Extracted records
━━━━━━━━━━━━━━━━━━━━━━━━━━━━━━

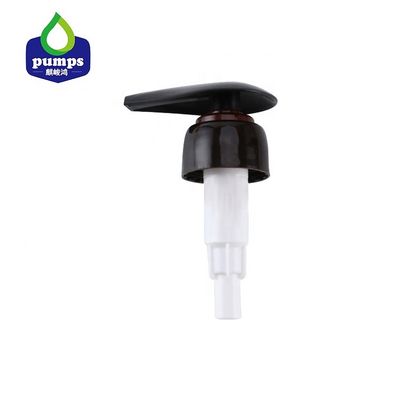 28 410 Black Lotion Dispenser Pump plastic Non spill OEM For 500ml Bottle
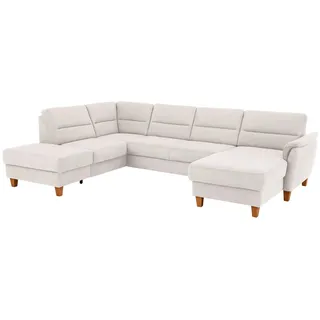 Home Affaire Wohnlandschaft Mikrofaser U-Form 3-Sitzer Beige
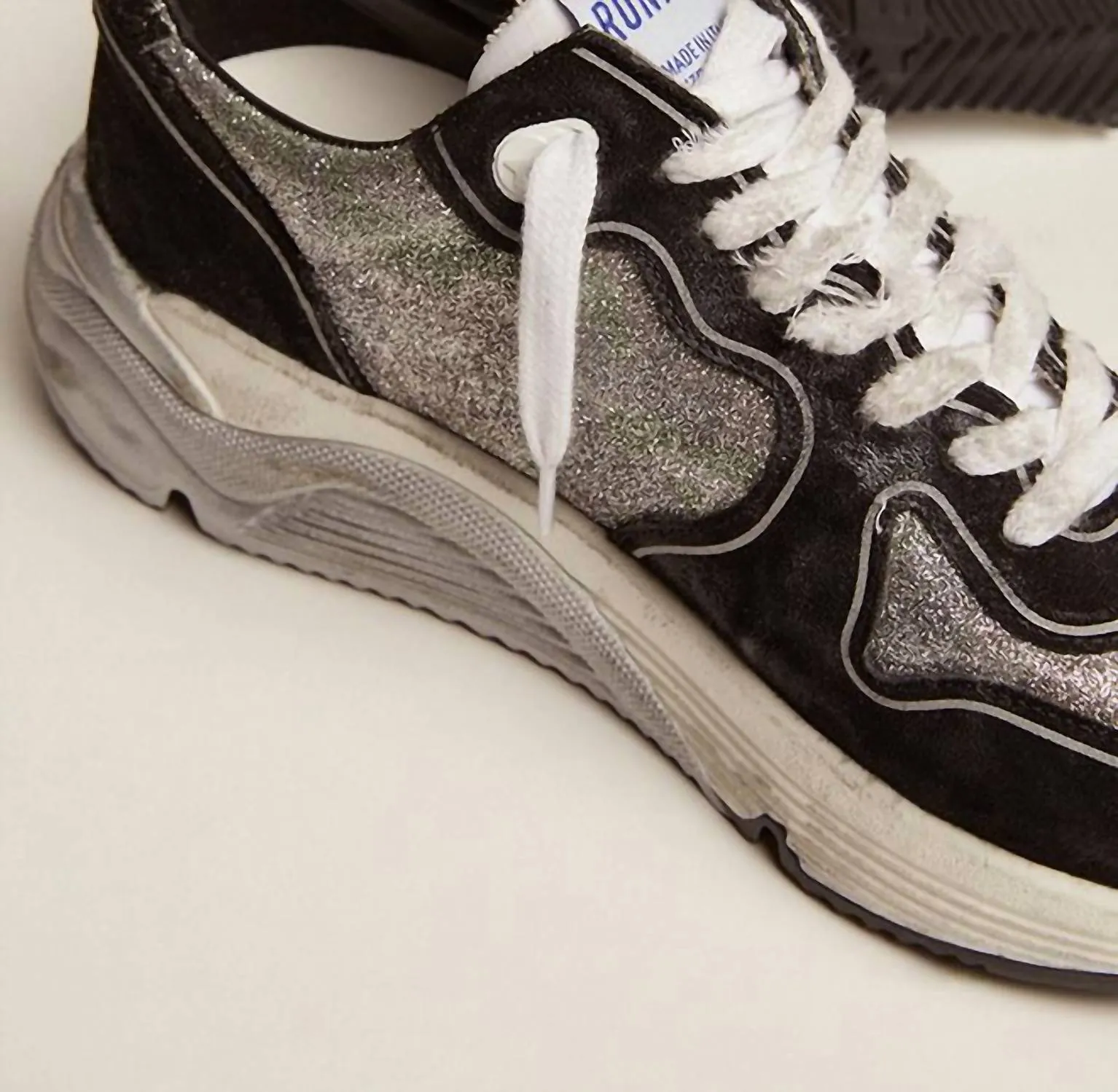 Running Sole Sneaker Black in Black/Camo/Silver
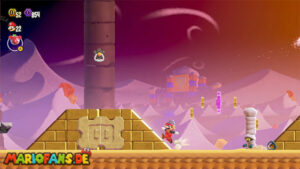 Sunbaked Desert — Super Mario Bros. Wonder walkthrough screenshot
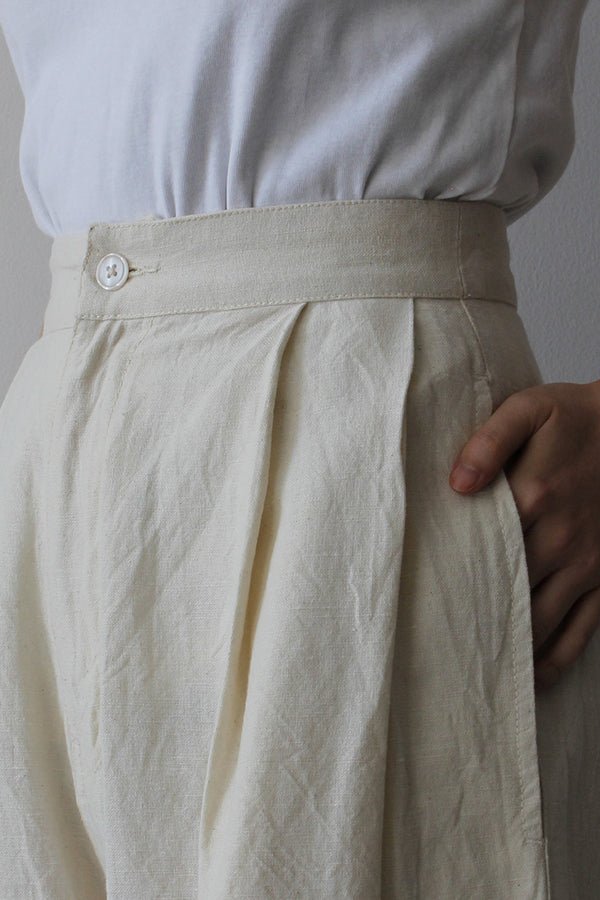 PLEATED TROUSER / CREAM [80%OFF]
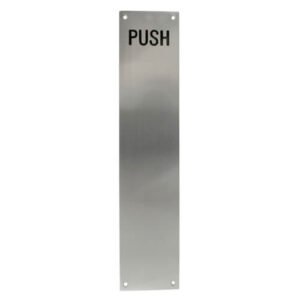 TSS Engraved 'PUSH' Finger Plate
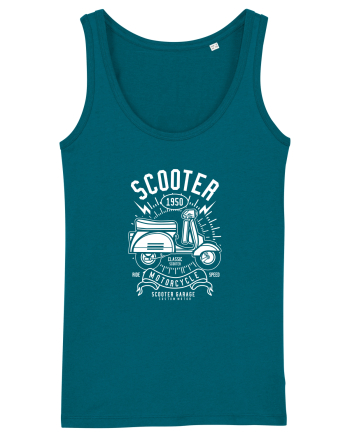 Scooter Classice Side White Ocean Depth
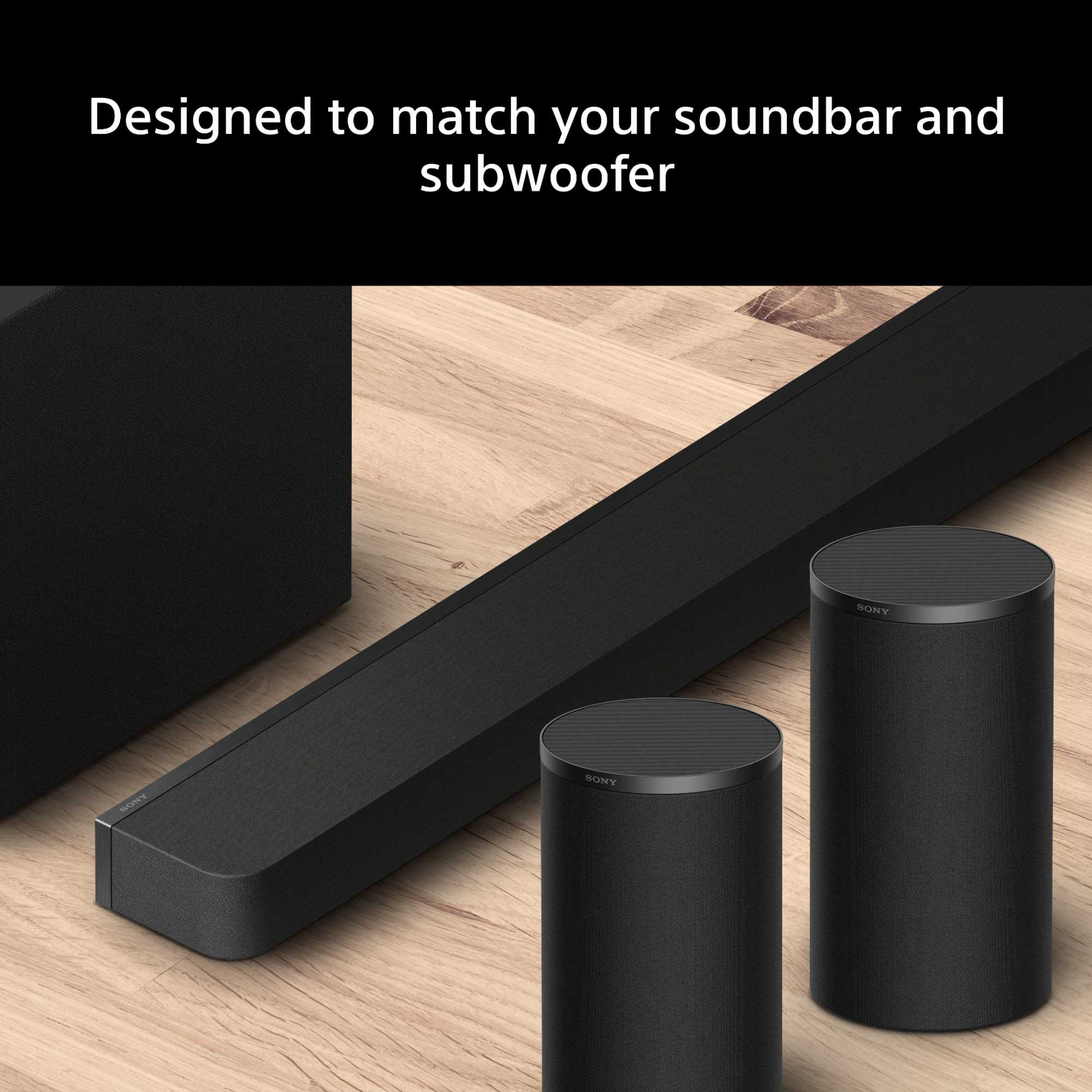 SARS9 180w Surround Speakers 6.0 Channels - Black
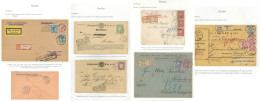 Breslau - Spezialisierte Postalische Heimat-Sammlung In Drei Alben, Sauber Auf Blättern Aufgezogen Mit Detaillierter Bes - 100 - 499 Karten
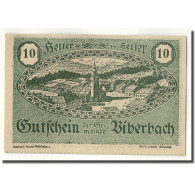 Billet, Autriche, Biberbach, 10 Heller, Paysage, SPL, Mehl:86 IIc - Oesterreich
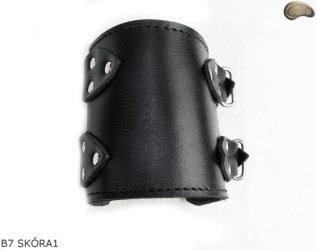 Bracciale in pelle B7 goth rock metal punk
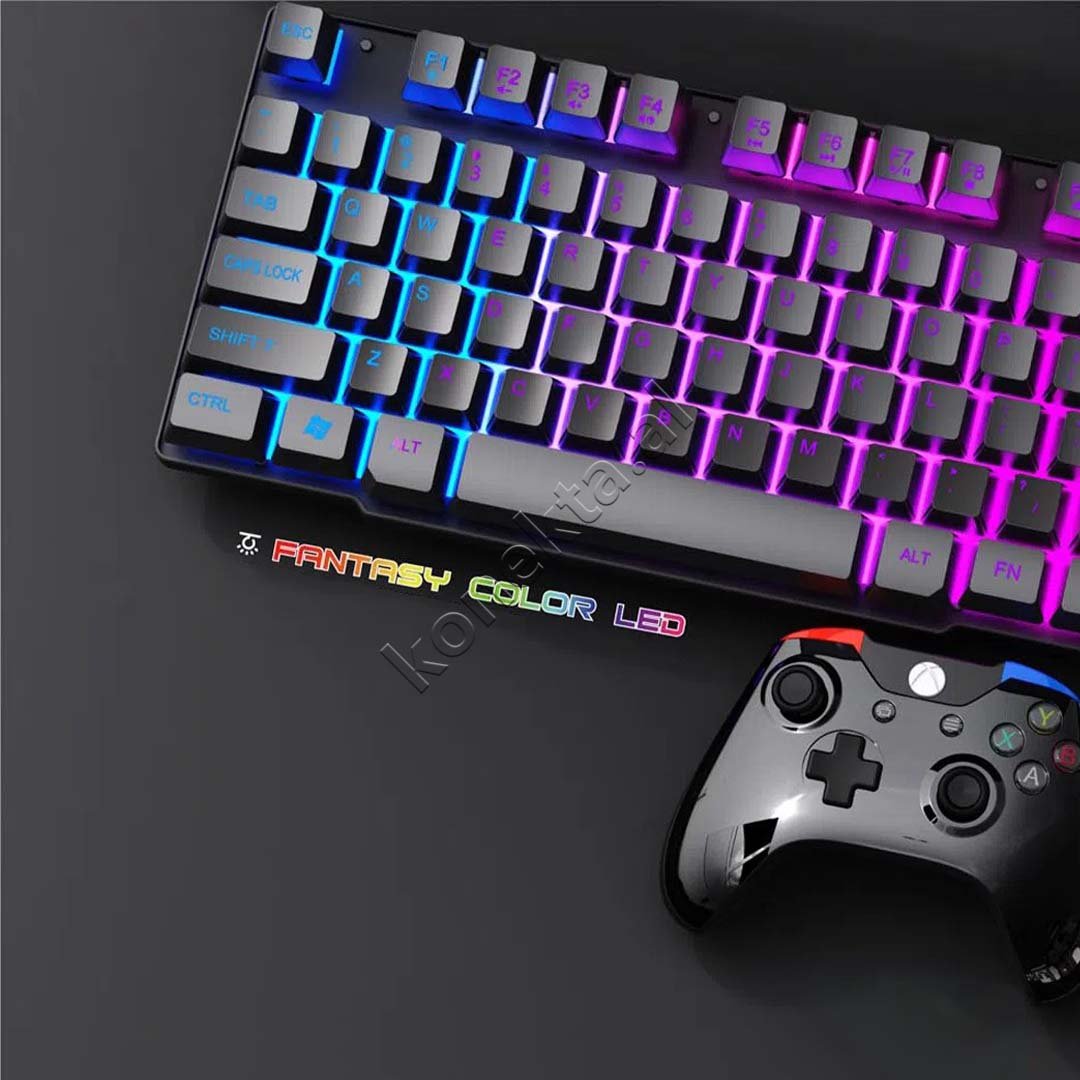 Moxom Gaming Keyboard RGB - Thumbnail 5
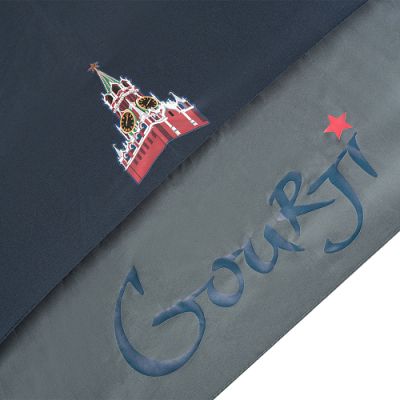 Зонт-трость  Gourji «Над Спасской башней» синий/серый-3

━━━━━━━━━━━━━━━━━━━━━━━━━━━━━━

THE PROBLEM: Take the lines from the start of the entries through the line containing "Sunbaked Desert —" and set them down exactly, leaving out every picture.

WRITTEN SOLUTION:
 28 410 Black Lotion Dispenser Pump plastic Non spill OEM For 500ml Bottle
 Home Affaire Wohnlandschaft Mikrofaser U-Form 3-Sitzer Beige
 Running Sole Sneaker Black in Black/Camo/Silver
 Sunbaked Desert — Super Mario Bros. Wonder walkthrough screenshot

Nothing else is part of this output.